同居老親等と同居特別障害者、同じ同居でもちょっと違う

2007年 11月 26日 - 01:41 by 桂 一朗

年末調整や確定申告で、所得控除の中に、同居老親等とか同居特別障害者、というような、「同居」という文言が出てくる。一般的に同居といえば、一つ屋根の下に暮らしていることをさすが、税務上は、それぞれ別々の定義がある。


同居老親等の「同居」
当該居住者又は当該配偶者のいずれかとの同居(租税特別措置法第41条の16第2項)

同居特別障害者の「同居」
当該居住者又は当該居住者の配偶者若しくは当該居住者と生計を一にするその他の親族のいずれかとの同居(租税特別措置法第41条の16第1項)


ここで言う、当該居住者とは、納税者本人のことです。
ご覧のように、同居特別障害者の方が、「当該居住者と生計を一にするその他の親族」分、その範囲が広い。


例えば、本人をAとして、Aの配偶者・Aの父・Aの母の4人家族の場合を考えてみる。条件として、Aの父・Aの母ともに老人扶養親族に該当し、Aの父は特別障害者であり、家族皆、一つの家で、Aの収入で生活している(生計を一にしている)。


上記のような状況下で、Aの父がどのように判断が変るかを見てみる。


Aだけが単身赴任し、他の3人は一緒に暮らす場合
Aの父は同居老親等で、かつ、同居特別障害者に該当する。なぜなら、Aの配偶者と同居しているため、両方の条件に該当するから。

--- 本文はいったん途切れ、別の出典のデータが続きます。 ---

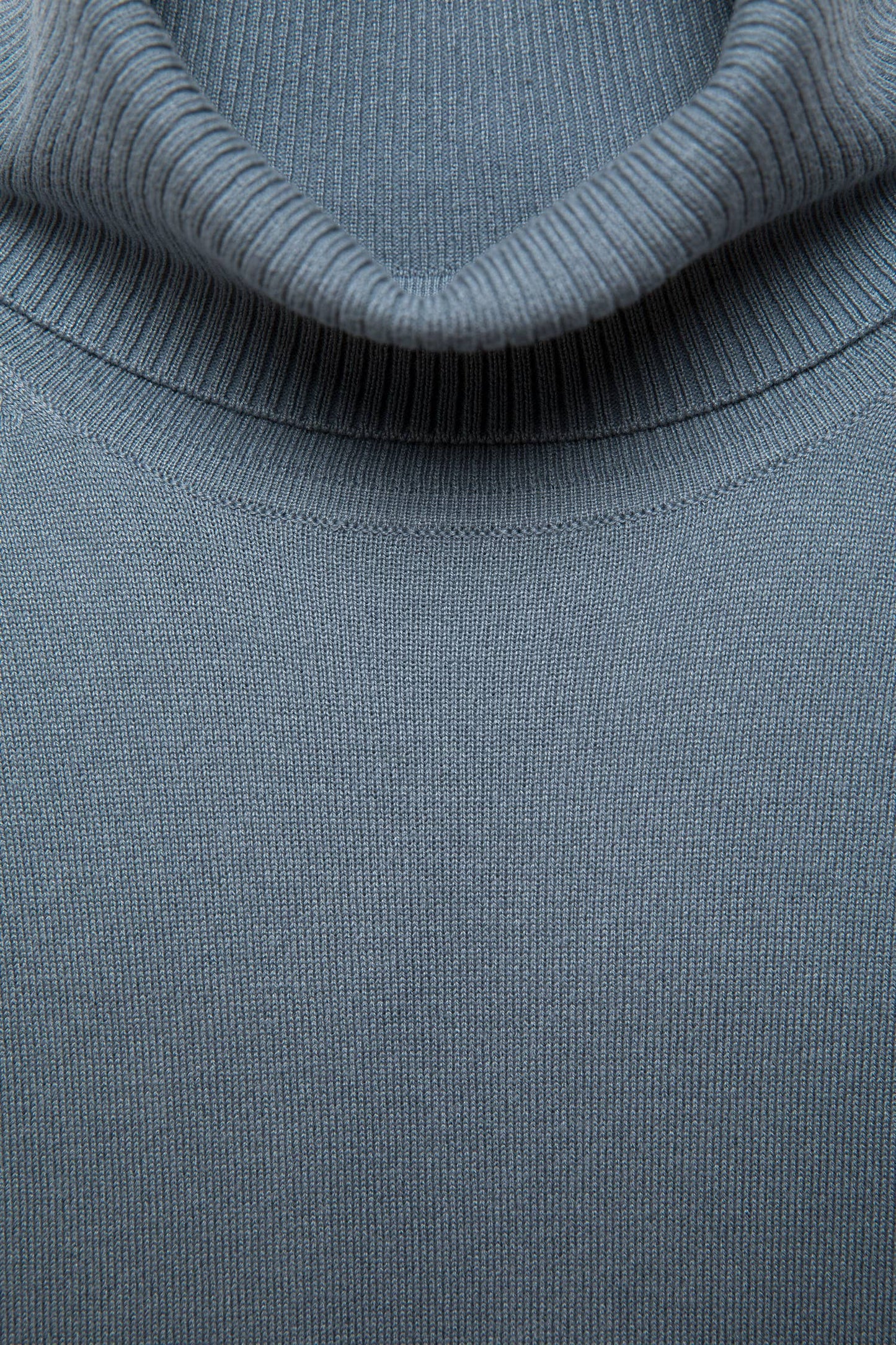 Maglione dolcevita in maglia rasata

AとAの配偶者が転居して、Aの父とAの母が残る場合。
Aの父は、ただの、老人扶養親族(同居老親等ではない)となってしまうが、同居特別障害者には該当する。なぜなら、「生計を一にするその他の親族」であるAの母と同居しているため、同居特別障害者の方だけが「同居」となる。つまり、同居老親等に該当するためには、AかAの配偶者のいずれかと同居していないとなら無いため、同居老親等には該当しない。

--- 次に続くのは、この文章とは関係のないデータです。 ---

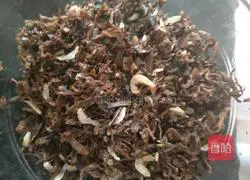 Illustration of how to make prunes and floss sesame cake 1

上記は典型的な例を挙げたが、実際には、Aの父が、病気により長期入院中ならばどうなるのか?とか、面倒見切れないために、老人ホームのような施設に入っている場合はどうか?とか、様々な条件が変ってきて、その都度「同居」って何!と判断する必要がでてくる。日常では、ごく常識的な文言が、税務となると難しいのよねぇ。